Accullm __full__ May 2026

But there is a ghost in the machine:

When your chatbot hallucinates a date, that's amusing. When your quantized SQL generator drops a foreign key constraint, that's a catastrophe. AccuLLM is the quiet, nerdy hero ensuring that as we make AI smaller and faster, we don't make it stupider. accullm

Ask a standard quantized LLM to calculate 523 * 19 or to cite the 7th word of the 4th sentence of a provided contract. It often fails—not because it isn’t smart, but because it was sacrificed on the altar of efficiency. This is where enters the arena.
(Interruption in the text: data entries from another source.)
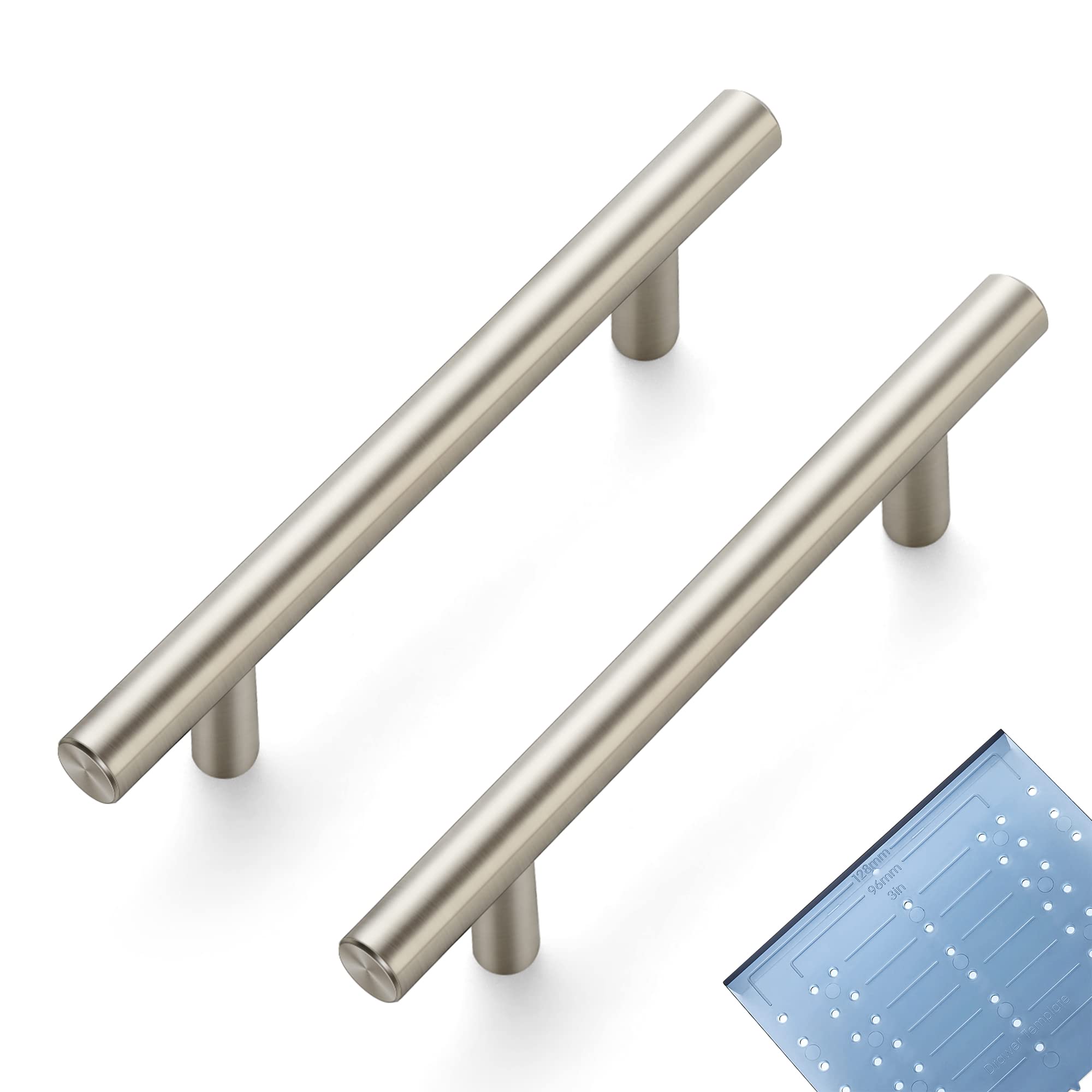 Ravinte 30 Pack | 6'' Cabinet Pulls Brushed Nickel Stainless Steel Kitchen Drawer Pulls Cabinet Handles 6”Length, 3-3/4” Hole Center with Mounting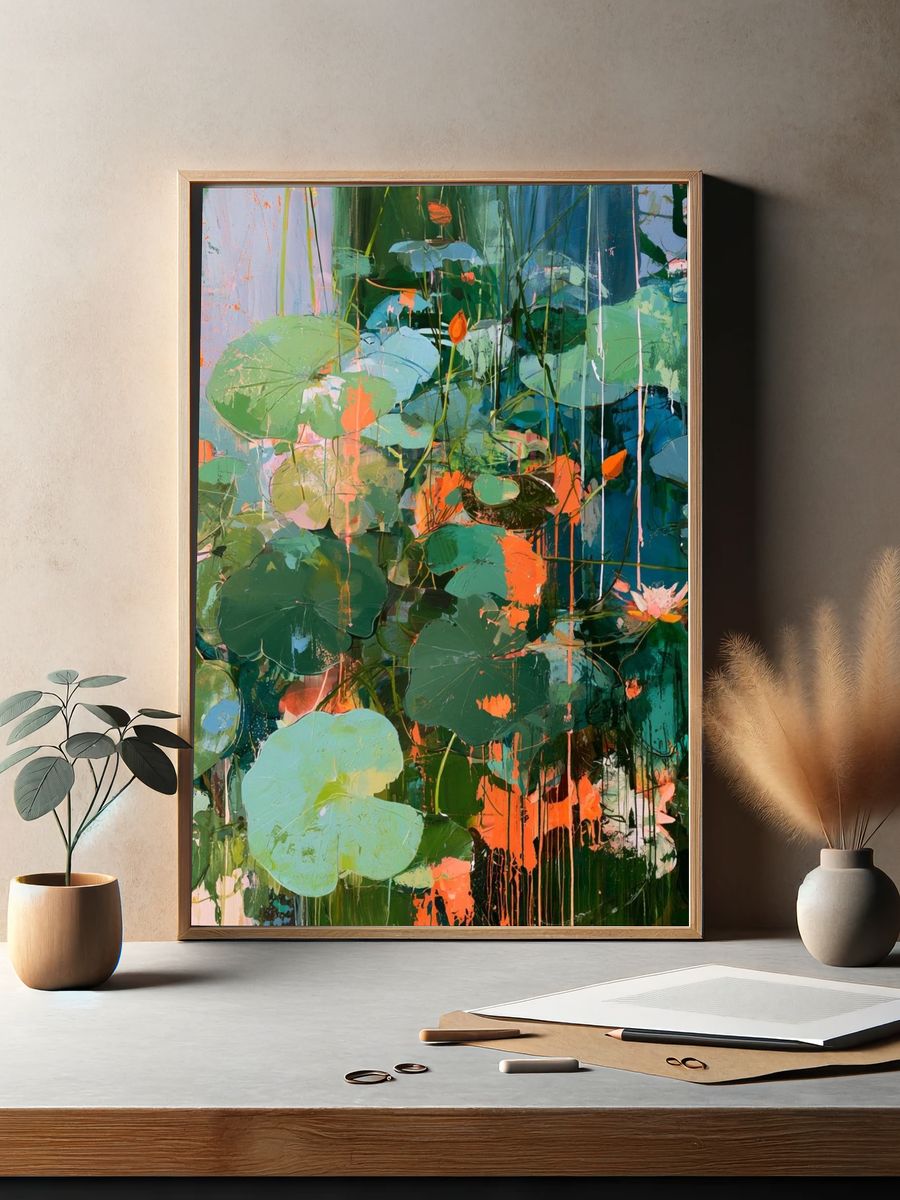 Lily Pond Abstract Print. — room view 2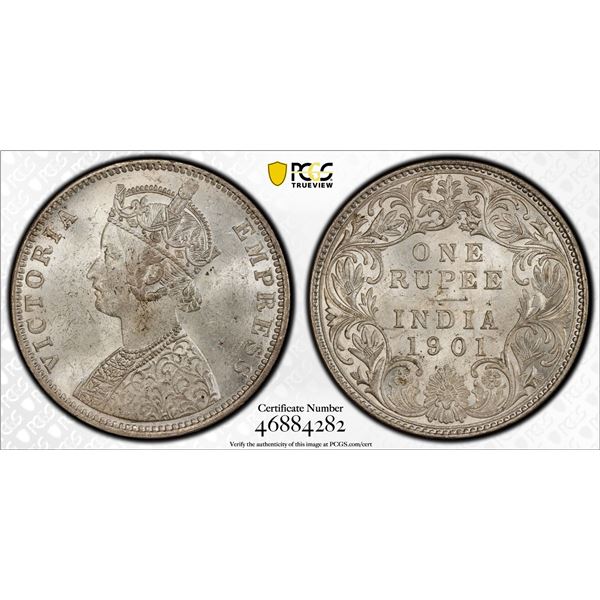 BRITISH INDIA: Victoria, Empress, 1876-1901, AR rupee, 1901-B, PCGS MS62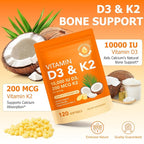Vitamin D3 K2 10000 IU with 200mg, Vitamin D3 and K2 Capsules, 2 in 1 Vitamins D & K Complex with Virgin Coconut Oil, 120 Softgels, Easy to Swallow & Non-GMO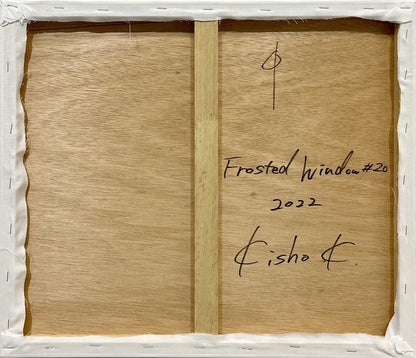 角谷紀章「Frosted window #20」 綿布に岩絵具・アクリル絵の具 / Rock pigments and acrylic on cotton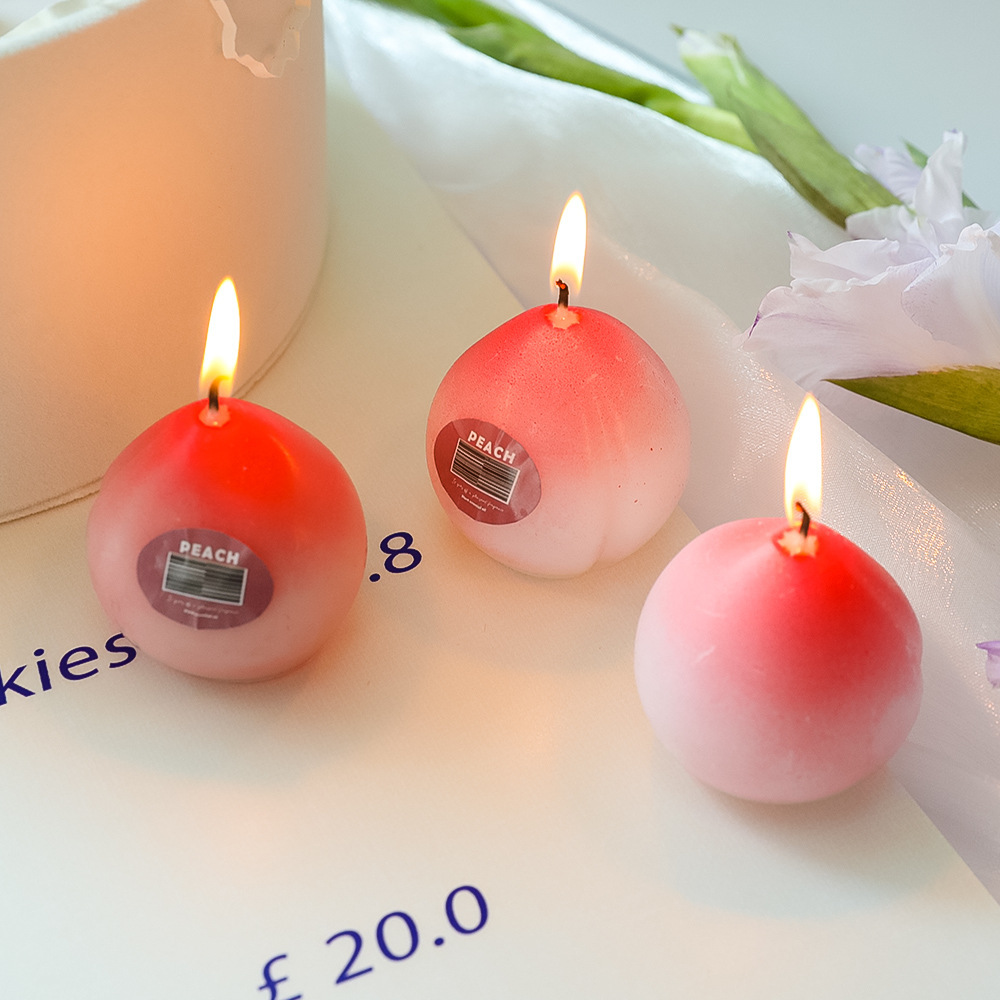   Wedding Gift Peach Aromatherapy Candle Cross-Border Handmade Fragrance Set Gift Box Fruit Candle Wedding candles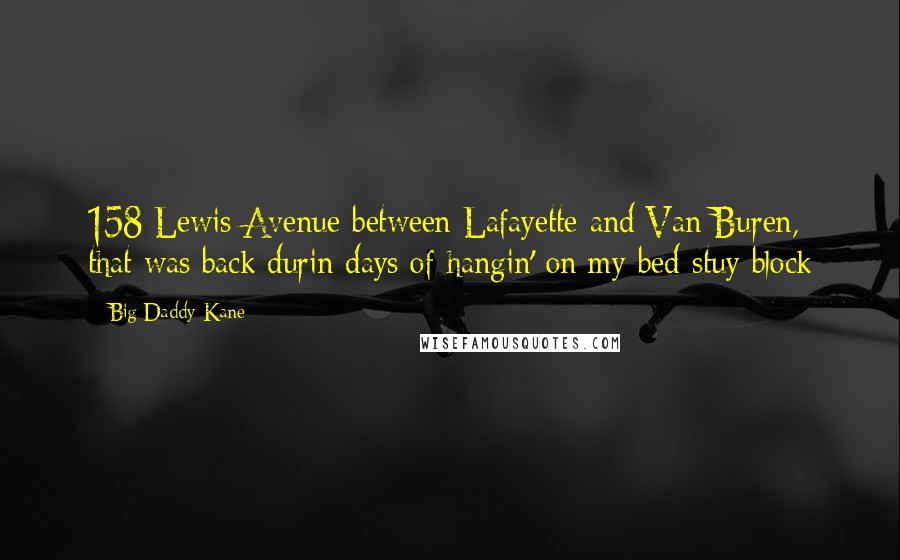 Big Daddy Kane Quotes: 158 Lewis Avenue between Lafayette and Van Buren, that was back durin days of hangin' on my bed-stuy block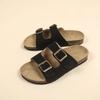 Fashion New Summer Women's Cork Slippers Casual Beach Double Buckle Non-slip Outside Nubuck Leather Slip On Slides Shoe Women Sandalen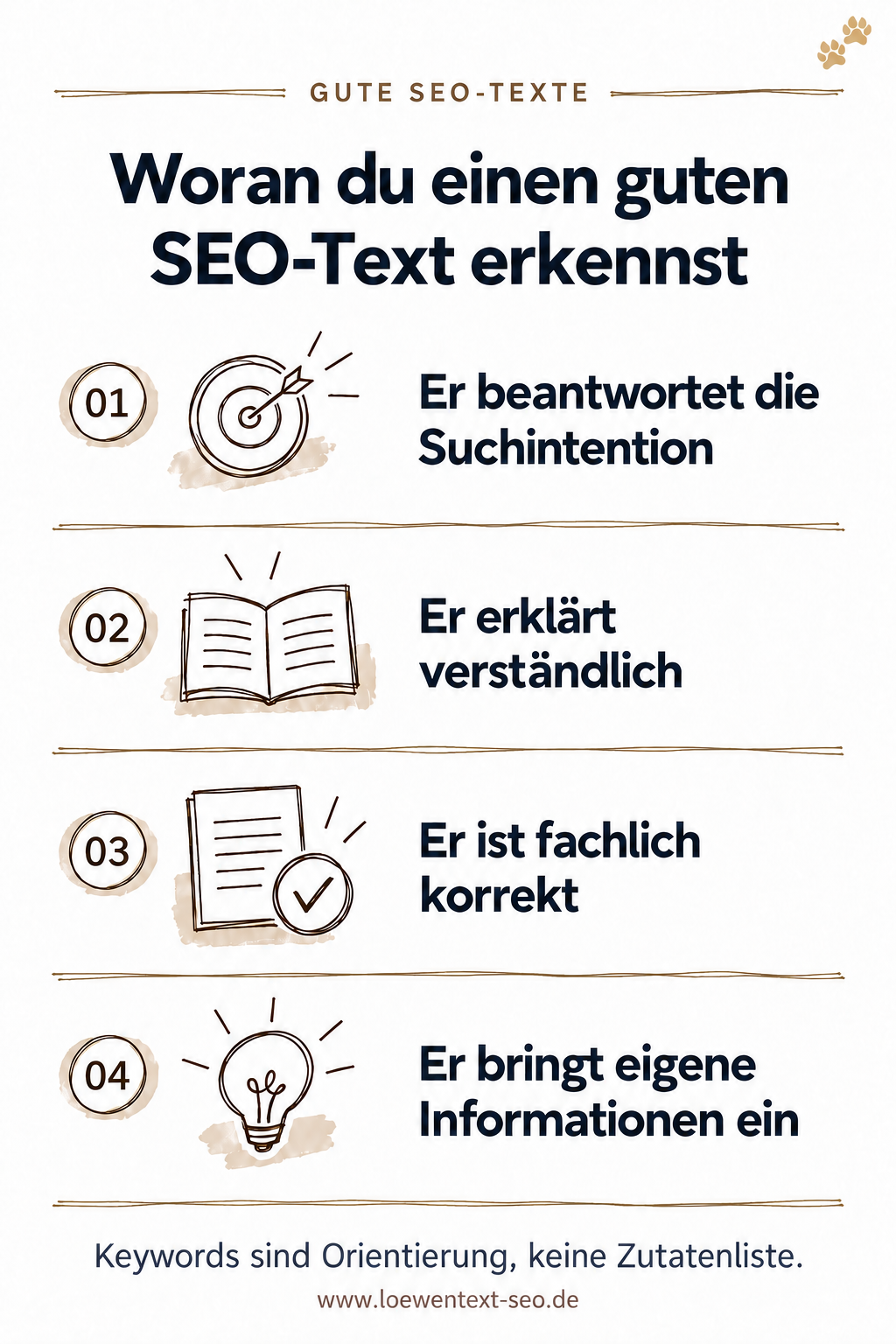 Infografik: woran du einen guten SEO-Text erkennst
The Core Problem: The Leaky Bucket of Precision Most LLMs run on floating-point math (FP16 or BF16). To make them faster, engineers use quantization (INT8, INT4, or even INT2). This is like listening to an MP3 instead of a vinyl record—99% of the time it sounds fine, but that 1%—the high-frequency data, the exact integer logic, the specific retrieval—becomes "lossy." But there is a ghost in the machine:

Consider a scenario: You ask a model to retrieve "Clause 4.2" from a 500-page document. A standard 4-bit model might misread the positional embedding due to quantization noise and return Clause 4.1. An AccuLLM-optimized model, preserving those outlier attention scores, gets it right every time. Ask a standard quantized LLM to calculate 523

Research (from papers like LLM.int8() and SmoothQuant ) shows that 99.9% of an LLM’s weights can be compressed to 4-bit without issue. However, 0.1% of "outlier features" (usually in the early and late layers) require full 16-bit precision. AccuLLM identifies these neurons and leaves them untouched. Imagine a calculator that does most math on an abacus, but automatically switches to a supercomputer for multiplication.